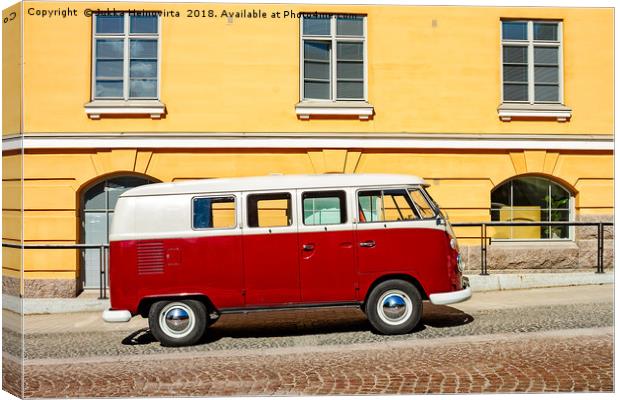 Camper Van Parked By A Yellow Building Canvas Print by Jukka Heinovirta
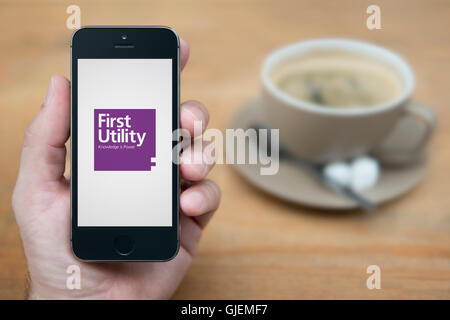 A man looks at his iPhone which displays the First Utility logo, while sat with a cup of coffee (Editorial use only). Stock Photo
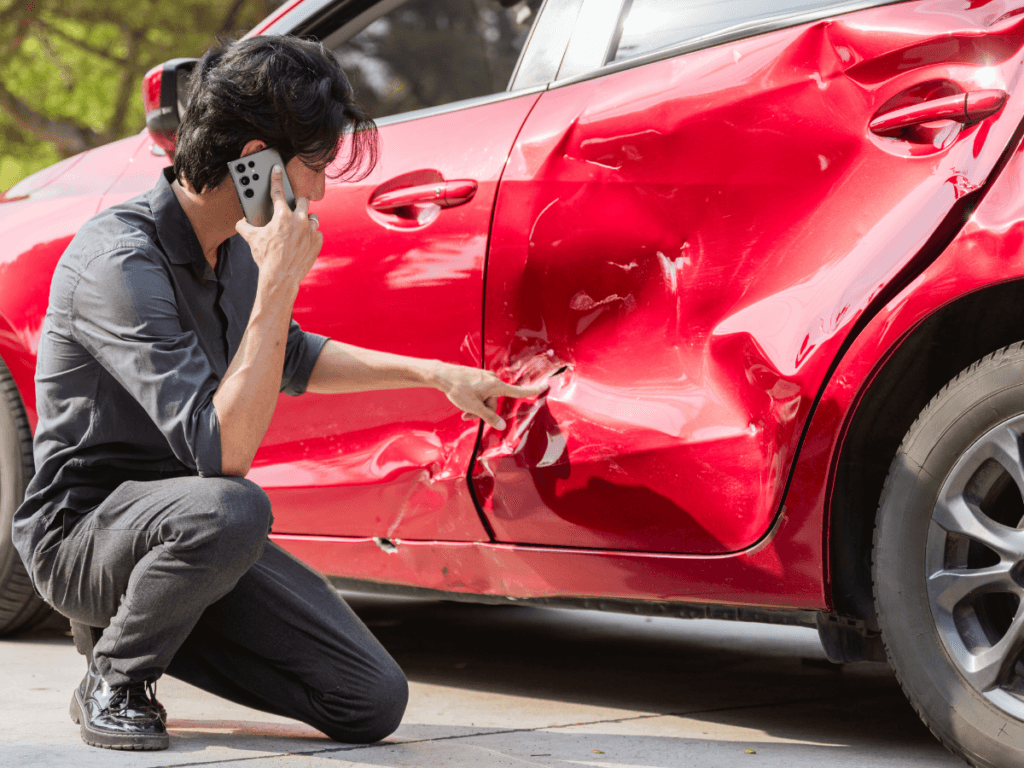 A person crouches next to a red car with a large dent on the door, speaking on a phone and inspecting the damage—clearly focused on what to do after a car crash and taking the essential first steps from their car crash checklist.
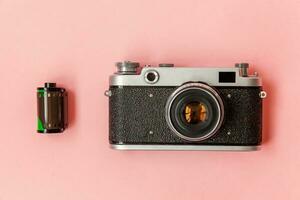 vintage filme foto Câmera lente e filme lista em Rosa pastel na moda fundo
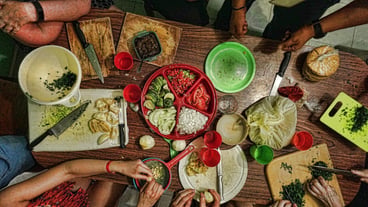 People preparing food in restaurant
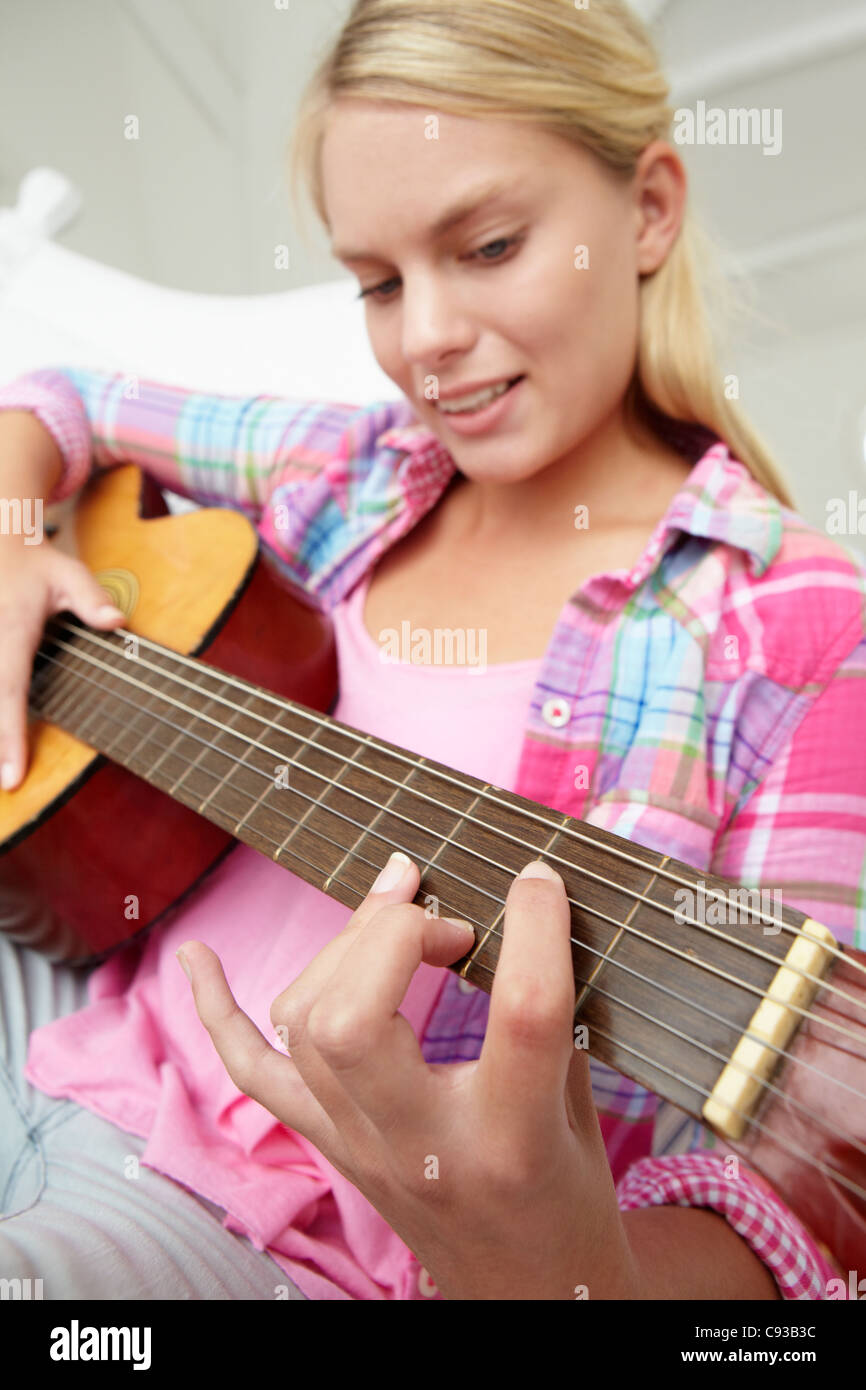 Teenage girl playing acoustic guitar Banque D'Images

——

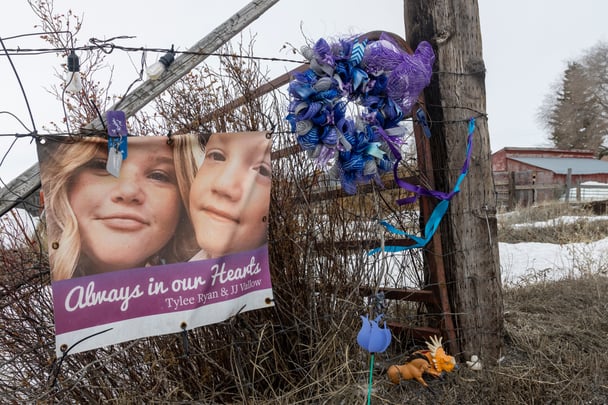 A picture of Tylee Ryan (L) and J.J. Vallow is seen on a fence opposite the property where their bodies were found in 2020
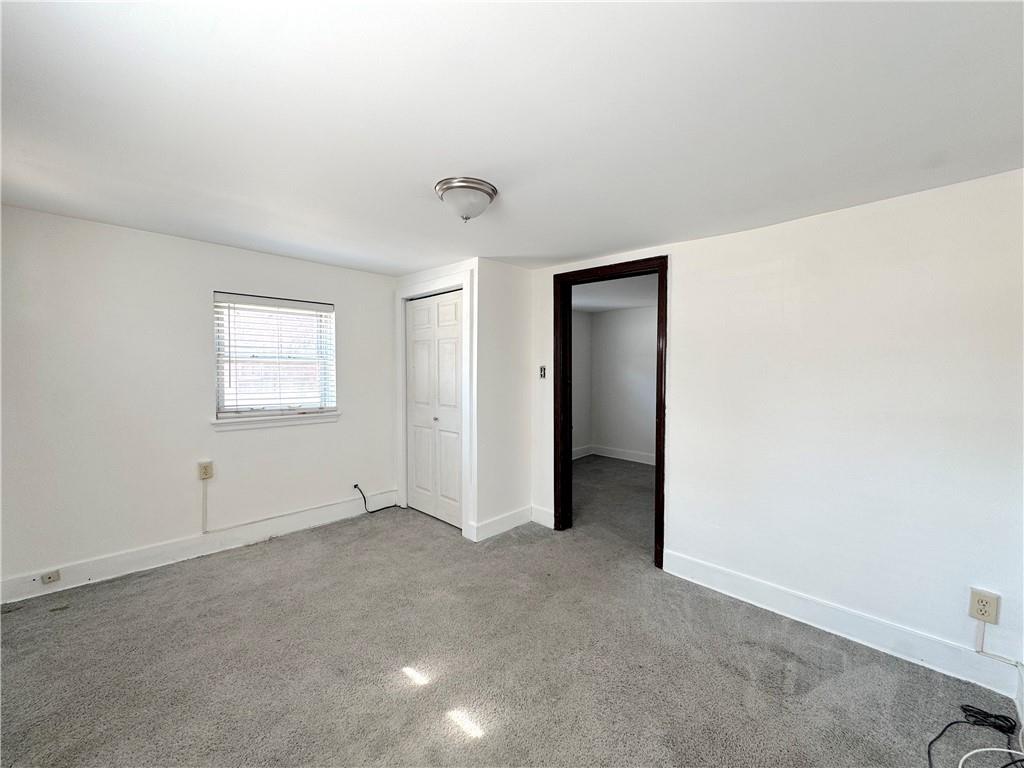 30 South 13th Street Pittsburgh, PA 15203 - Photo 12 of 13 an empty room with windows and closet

——

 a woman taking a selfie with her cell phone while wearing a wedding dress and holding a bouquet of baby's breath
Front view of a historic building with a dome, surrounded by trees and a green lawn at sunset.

——

Your reply should hold nothing but the lines above, from the one containing "A person crouches" to the one containing "Teenage girl playing", reproduced exactly minus the pictures.

**Exercise response**.
 A person crouches next to a red car with a large dent on the door, speaking on a phone and inspecting the damage—clearly focused on what to do after a car crash and taking the essential first steps from their car crash checklist.
 vintage filme foto Câmera lente e filme lista em Rosa pastel na moda fundo
 People preparing food in restaurant
 Teenage girl playing acoustic guitar Banque D'Images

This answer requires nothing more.